Post the picture Chris, be fun to see it.

Destry

Dave Noreen
08-20-2009, 08:05 PM
I can only go second hand. My Father always talked about a Parker in the window display at Seattle Hardware when he worked there from late 1935 to 1940. He said he could have gotten it for $100 as an employee, but the best he could do was a Remington Sportsman at his employee price of $38. About 1960 his Sportsman was replaced by a 2-frame VH-Grade Parker Bros. 12-gauge, that was shipped to Seattle Hardware in 1902.

Austin W Hogan
08-20-2009, 10:57 PM
I can remember a 1930 vintage Win 94 that was in the window at Van Horne Hardware in Fultonville NY until the mid 1950's.
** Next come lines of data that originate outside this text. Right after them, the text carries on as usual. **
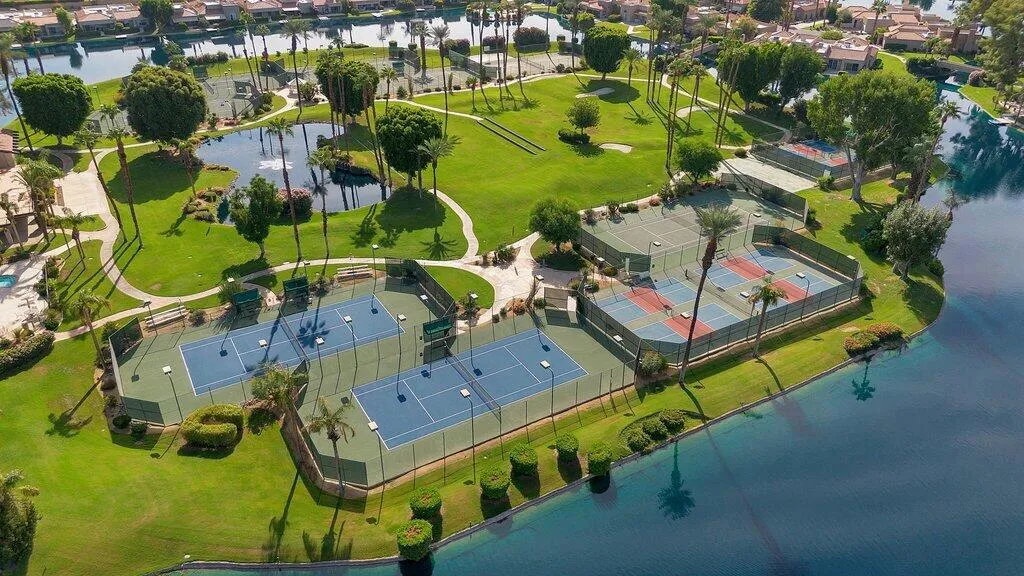 9 Lake Shore Drive, Rancho Mirage, California 92270 home-pic-37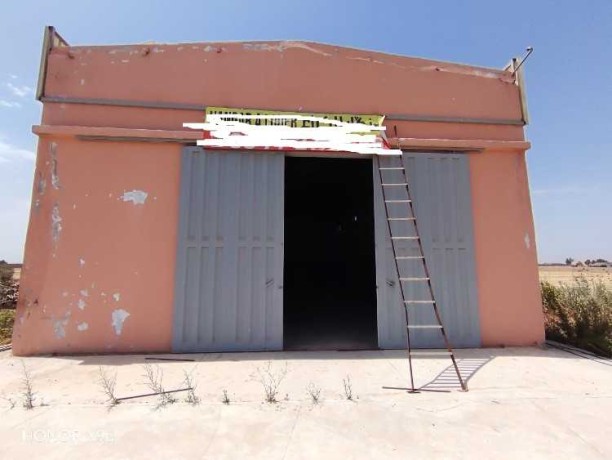 hangar-sur-le-bd-entre-mediuna-et-garra-big-0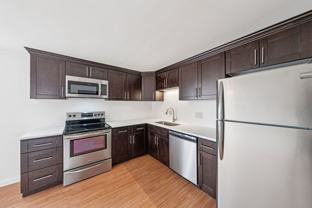 29 Losson Garden Dr ##04 - Photo 1 of 1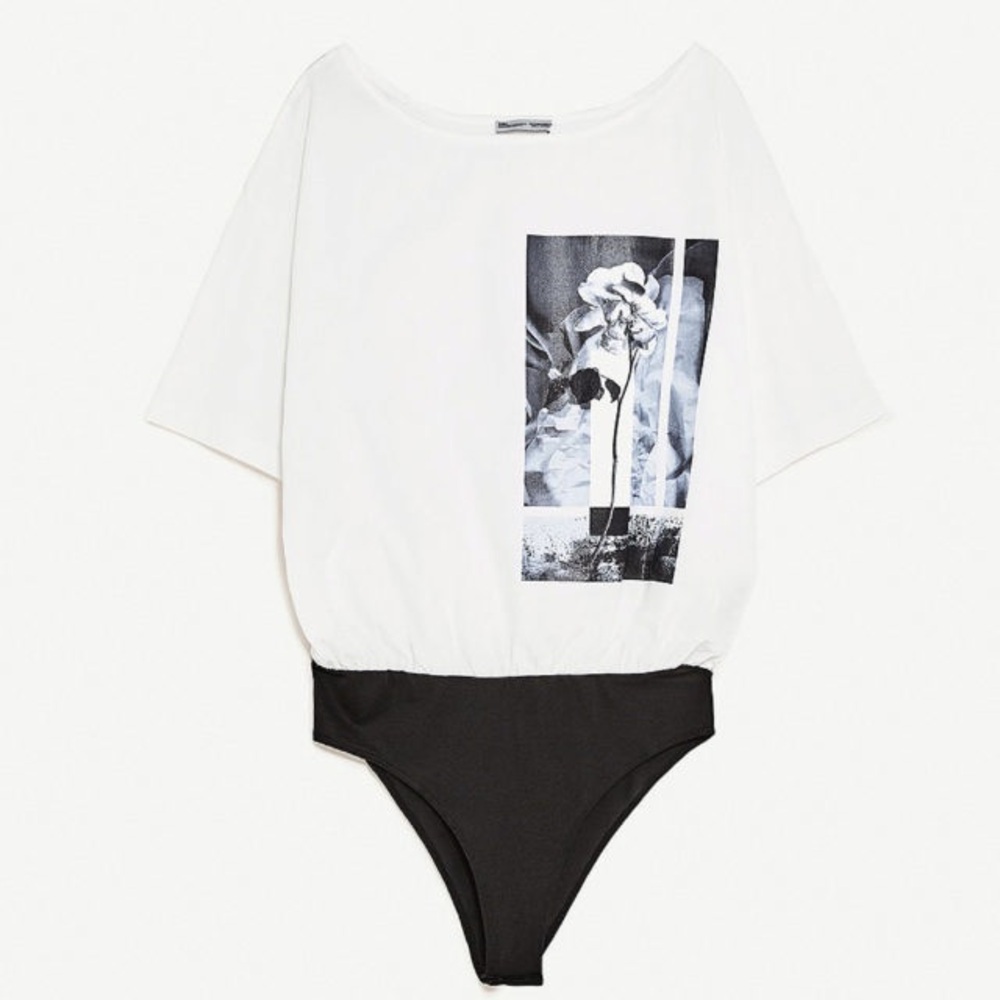 2/$15βΌοΈ Zara Floral Print T-Shirt Bodysuit, White & Black, Size M, Crew Neckline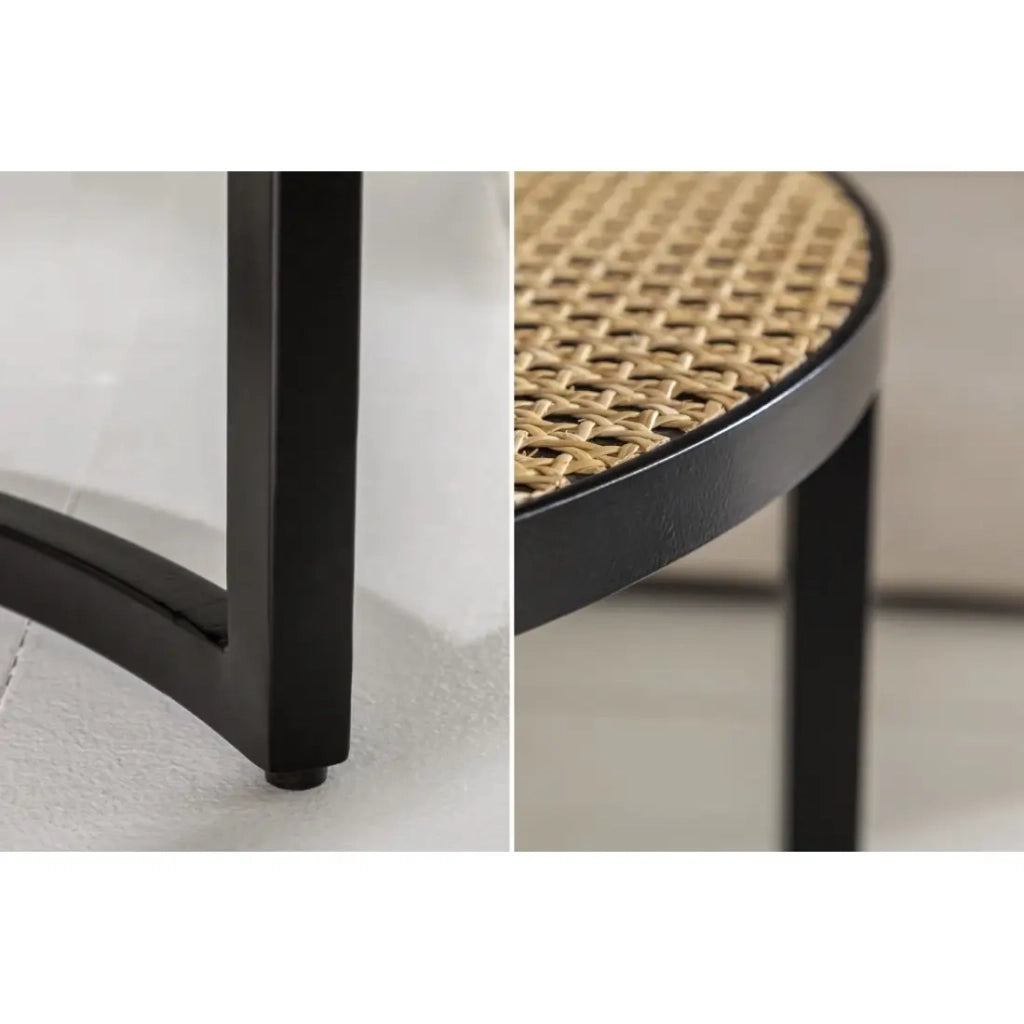 Tavolini impilabili KANEVIA rotondi in legno di mango massiccio, rattan e metallo nero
I handled and shot Harvey Donaldson's GHE 20, which was his window display in his sporting goods store in Little Falls NY in the 1920's and 30's.
I have Harvey's fly rod display rack, which I use as a barrel rack on my cleaning bench.
Best, Austin

George Lander
08-21-2009, 12:15 AM
I can remember new Parkers and Fox guns in the window & display cases of S.B. Mc Master Sporting Goods in Columbia, South Carolina in the 1940s. I passed by their store every afternoon on my way to catch the bus home.

Best Regards, George

Dale Zywina
08-21-2009, 01:05 AM
Eatons was a large deparment store here in Canada and sold almost everything including firearms.There are many Parker guns order and associated with the Eatons family of Canada, unfortunatly the great company went under in the late 1990's early 2000'nds, I do not no if this is the same company your trying to research, but PM me if you need more information, I know how you feel I was trying to find a Iver Johnson Sporting Goods Company and evryone said there a utility shotgun co., but for the most part they got it wrong. It was one fellow who straightened it out, regards Dale in Canada:bigbye:

Kevin McCormack
08-21-2009, 10:12 AM
Chris; an "Eaton's" store, Silver Spring MD, and the Eastern Shore (of MD) are tri-mutually exclusive. Silver Spring MD is over an hour's drive from the Chesapeake Bay Bridge, the eastern terminus of which lands on the Eastern Shore. As Dale Z. points out, I think Eaton's was a large Canadian firm. I have never heard of an Eaton's store by name anywhere around this area (DE-MD-VA).

Christopher Lien
08-21-2009, 12:01 PM
Thanks for the input gents... I was aware of the large Canadian Eaton's store, but thought perhaps this might had been a family run Mom/Pop store by folks here in the U.S with the same name... As many of you know I've been collecting old Parker and gunning related photos for quite sometime, and although I've seen several early sporting window displays, this is the first with Parker's... The original old photo was acquired a few years ago and has great subject matter if you like Parker 20&28 small bores with beavertails, and long barreled 12ga vent/rib trap models... The photo measures 7.5 X 9.5, and the Edgeworth tobacco tins should probably date the image... Photo was found in the Silver Spring MD area, and has hand penciled sketches of Skeet and Trap fields on the back with the written words "Skeet shooting exhibit"... Thought the history buffs here would enjoy this nostalgic trip back in time to simpler days and familiar shooting irons.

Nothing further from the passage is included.